I did a lot of preliminary testing between two databases of over 1000 identical files and initially saw no inconsistencies at all between the results of simple searches in Devonthink and another web solution. These false positives have only started showing up with more advanced search syntax, suggesting either an underlying issue with Devonthink itself, or improper syntax.

FrankT · August 28, 2023, 12:05pm

I am a historian. So I am used to being able to prove what I claim. Here I have to be careful. I could prove some things with screenshots and the exact indication of what I have searched for and how. These errors are reproducible. But of course I have not collected everything systematically in all these years. That would be pointless, because I can’t do anything about it.

What I can say, there are false negative and false positive results. False positives are, as you say, annoying but easy to spot, if you invest time. False negatives are much harder to find. That’s why I use multiple apps. Of course, that only works for home users and still doesn’t guarantee finding everything. But it increases the chances.

When I realized this years ago, I was as disappointed as you probably are now.

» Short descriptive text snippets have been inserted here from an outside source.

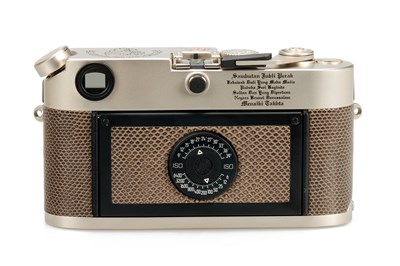 Lot 96 - Leica M6 Platinum 'Sultan of Brunei Silver Jubilee',  Number 1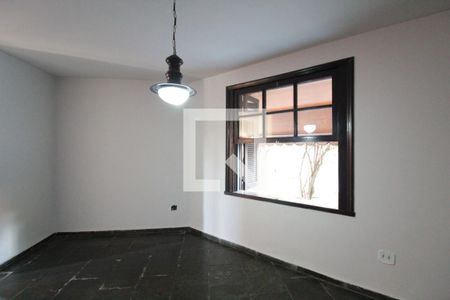 Casa à venda com 315m², 5 quartos e 3 vagasSala de Jantar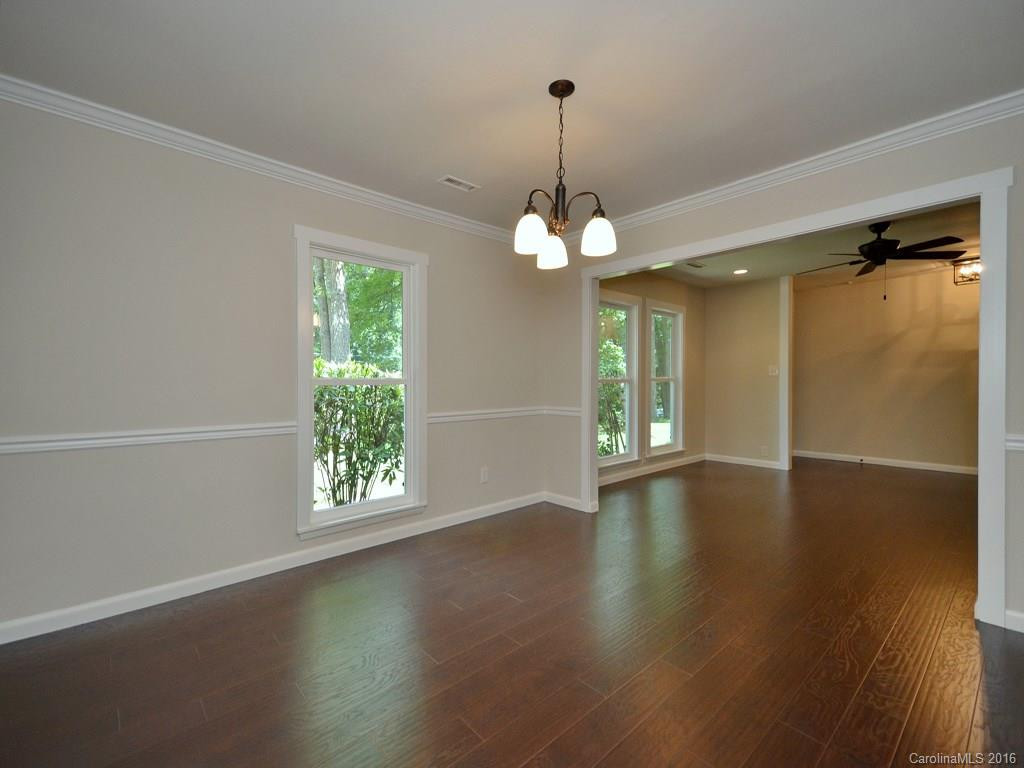 213 Dundeve Circle - Photo 4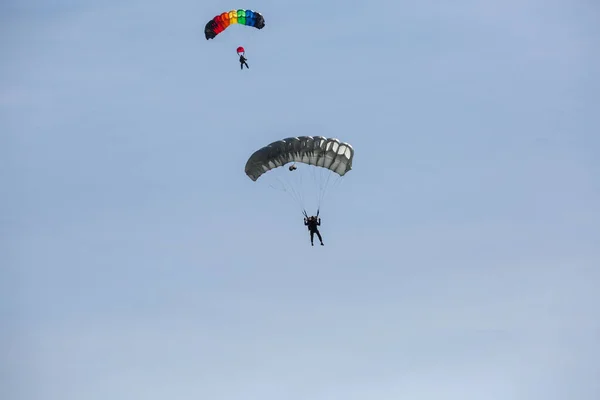 ラトビア共和国のリガ市 市の祭りに敬意を表してAvioショー パラシューティストは目標にパラシュートで着陸する 2020 — ストック写真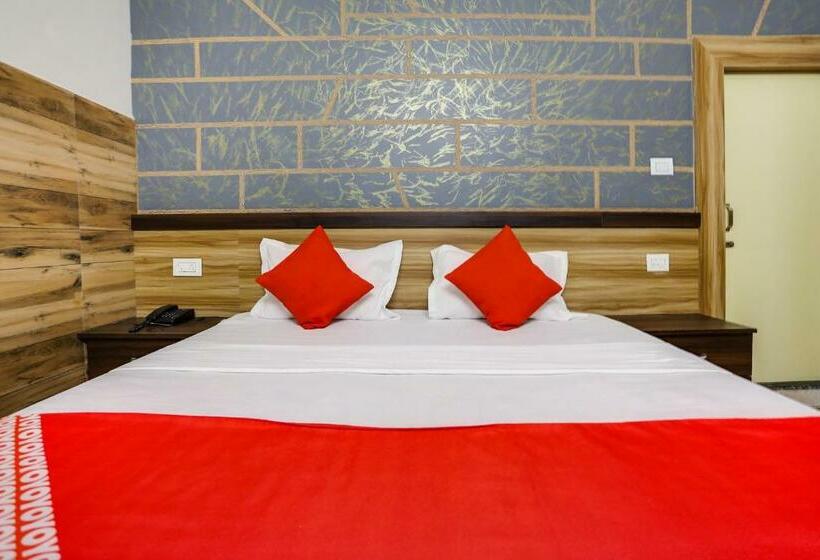 חדר קלאסי לשלושה, Oyo Flagship 81307  Pratap Since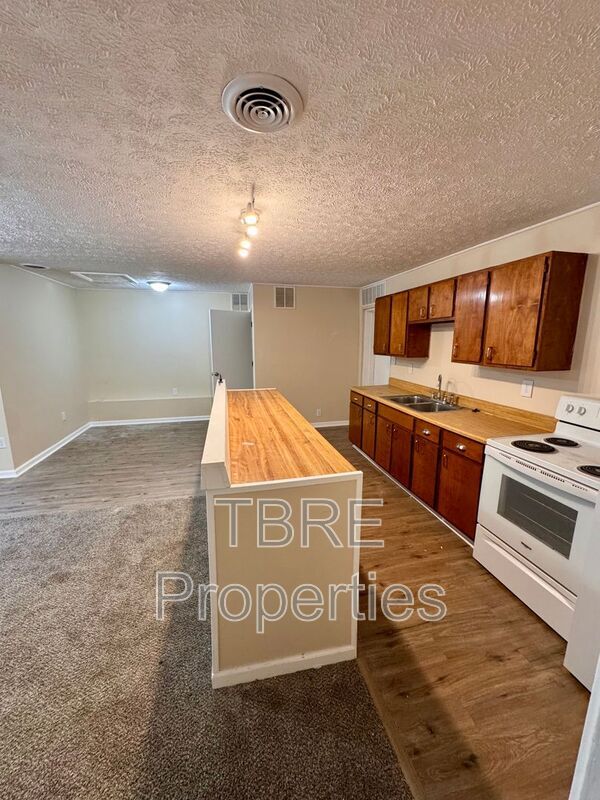 Photo - 6785 Mud River Rd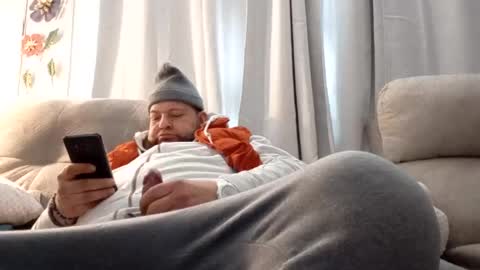 biglk324645168 online show from 02/19/25, 04:22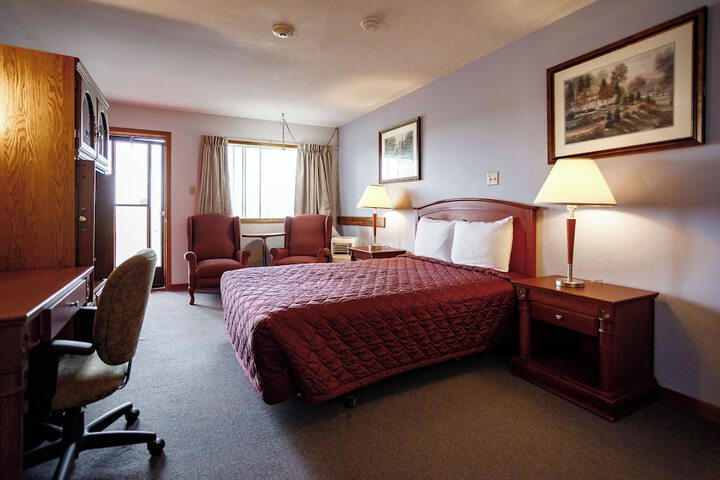 Room 17 of 25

But as a historian, I see it pragmatically. We work with what we have. When I look through sources on paper in an archive, I’m bound to miss something. It’s the same with digital searches.

It’s clear why this can happen to a human being. Unfortunately, I don’t know why it happens to a software program.

BLUEFROG · August 28, 2023, 12:58pm

Outside there being an actual issue with the index of your database, there is no great mystery here and I would not call these false positives. While that’s possible, that’s likely not the case here.

You have given the search engine no context.

If I tell you I want something blue, is that very helpful?

Do I mean something with blue in the name, like The Blue Angels?
Or something in the content, like Roses are red; violets are blue?
Or something with an attribute of blue, like the sky or the ocean?
Or some combination of those things?
And what about related terms to help narrow the results, e.g., including water would eliminate sky?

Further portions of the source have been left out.